Syntactic Mappings can be associated with Code Objects of type Data Harmonization. These are like other Code Objects in FCP and can be executed in a federated manner on a Rhino Client. The input datasets to this Code Objects have the syntactic mapping applied to them, this transforms source fields to target fields and applies any configured transformations. The outputs of this process are also stored as datasets on the same Rhino Client, and can be further processed using the same tools as exist for any dataset on FCP, e.g. using Dataset Analytics to look at distributions and data completeness, or exporting the dataset to an external location within the site's network.
In order to run a Data Harmonization Code Object to apply a syntactic mapping transformation to input datasets, complete these steps.
Prerequisites
- You must have Manage Data Mappings permission.
- You must have the Run Code on This Site permission for the site on which the harmonization is to be run.
- The datasets that you want to harmonize must have been imported into FCP.
- The syntactic mapping you want to edit must exist.
- Any semantic mappings referenced by the syntactic mapping must exist.
Running a Data Harmonization Code Object
1. From the Projects page, click the project in which you have set up your data mappings and datasets
2. Click the Code option from the navigation menu on the lefthand side of the screen.
3. You will see that a Code Object has been automatically generated for you for each Syntactic Mapping that you have created. The name of the Code Object will be identical to the name of the Syntactic Mapping, and it will be of type Data Harmonization.
4. Click the Run button to the right of the Code Object. The Run Settings page appears.
5. Select the Workgroup on which you want to run the Code Object
6. Select the Input datasets - one for each input data schema. An initial selection will already be made for you, but you can change it by clicking on the dataset dropdown menu and selecting a different dataset. If there are no datasets that match a given source data schema the text "NO OPTIONS" will appear. In this case, please close this dialog, import a matching dataset (from the Datasets menu option on the lefthand side navigation menu) and then try again.

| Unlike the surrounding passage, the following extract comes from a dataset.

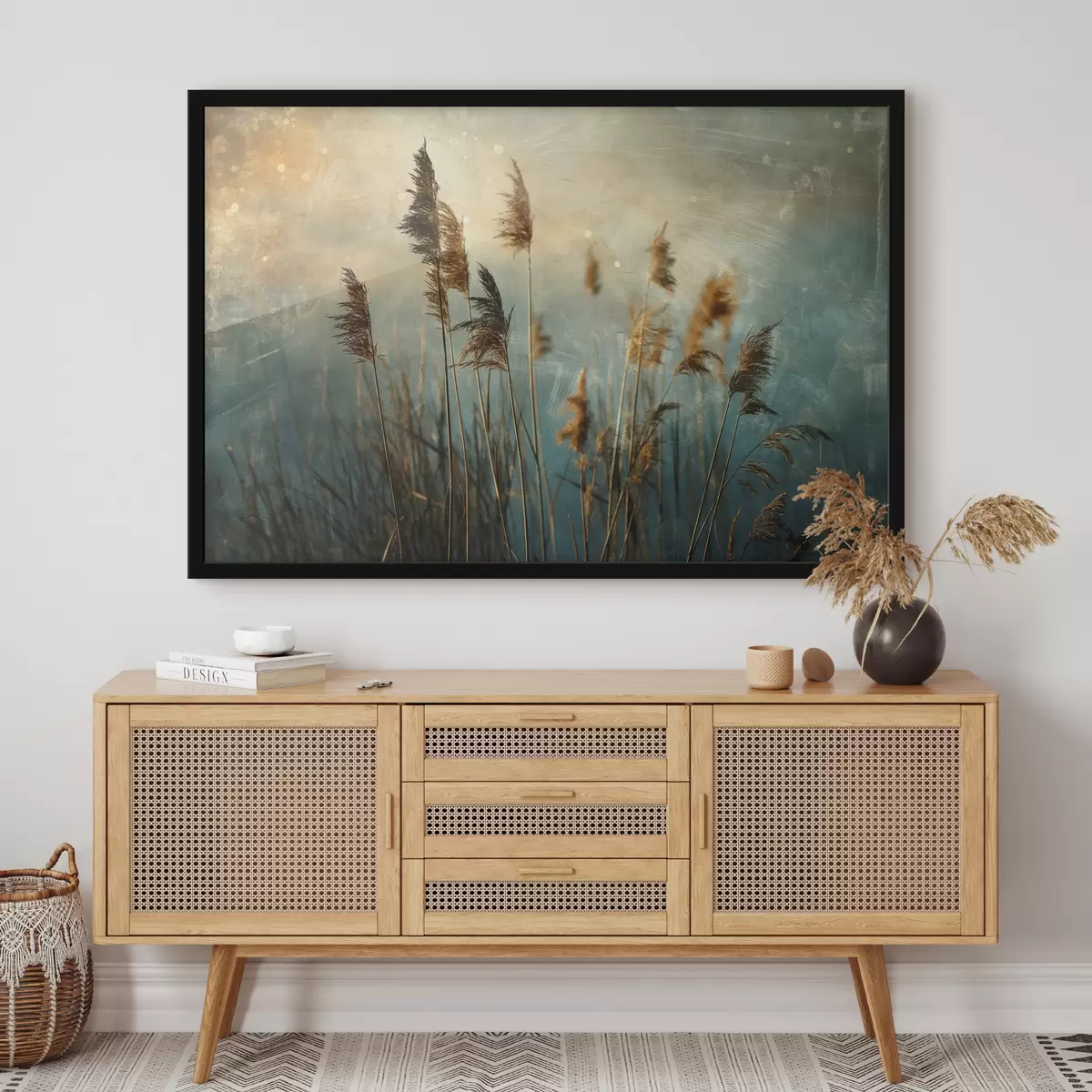 Poster Schilfrohr,blaue Farbe,antik f39946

7. Select the Semantic Mappings - one for each vocabulary or OMOP domain referenced by the syntactic mapping in different transformations. An initial selection will already be made for you, but you can change it by clicking on the semantic mapping dropdown menu and selecting a different semantic mapping. If there are no semantic mappings that match a given target vocabulary or OMOP domain, the text "NO OPTIONS" will appear. In this case, please close this dialog, create a matching semantic mapping (from the Data Mappings -> Semantic Mappings page) and then try again.
8. Click Run.
9. The code begins to run. Click Code Runs from the menu on the left to see the code run entry. You will see the status of the code run here.
10. Click the status of the code run to see a detailed log from the code run.
11. Once the code has finished running, you will see the status change to Completed if the run completed successfully or Error if there was any error. If the run completed successfully, you will see the number of output datasets under the "Output Datasets" field. If there was an Error, click on the status to see the detailed logs with a description of the error that was encountered.